# Combining SQL and Python

An advantage of using a popular language is the high probability that programmers before us have found solutions to our problems already. As such, there exists a Python module which allows us to interface with a PostgreSQL database, called [Psycopg2](http://initd.org/psycopg/docs/).

Using this module requires a quite advanced understanding of Python and SQL, so we'll start off with a very simple query and work through it step by step.

Let's suppose we want to implement the following SQL query:

In [None]:
SELECT 2 + 3;

### Query Result

| ?column? |
|----------|
|        5 |


To run this SQL query in Python, we use psycopg2 as follows:

In [None]:
import psycopg2

# Establish the connection
conn = psycopg2.connect(dbname='db', user='grok')
cursor = conn.cursor()

# Execute an SQL query and receive the output
cursor.execute('SELECT 2 + 3;')
records = cursor.fetchall()

print(records)

[(5,)]

And that's our expected result. Now let's look at each line in detail.

# Interfacing with databases in Python

We will go through the example on the last slide step by step.

1. Establish a connection to the database

conn = psycopg2.connect(dbname='db', user='grok')

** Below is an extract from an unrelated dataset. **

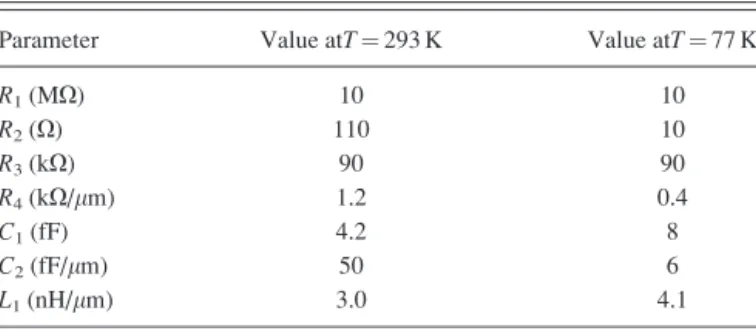 TABLE I. The extracted circuit parameters from the fitting of DW1 S- S-parameters.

This command initialises a new database session and returns a connection object. We have to specify the name of the database and the name of the user. Note that the **dbname** is the name of the database, not a table in the database.

Throughout this module we're calling our database 'db'. On your local machine, you would use your user account name for the user. Here we're going to use 'grok'.

2. Create a cursor object

cursor = conn.cursor()

The cursor is the object that interfaces with the database. We can execute SQL queries and receive their output through this object. We can call the object's functions by using the dot (.) notation just like we do for modules. The two functions that we will use most often are **execute** and **fetchall**.

3. Run a SQL query

cursor.execute('SELECT 2 + 3;')

To run a SQL query, we call the **execute** function, which is a function of the cursor object. This function takes the SQL query in form of a string as its argument.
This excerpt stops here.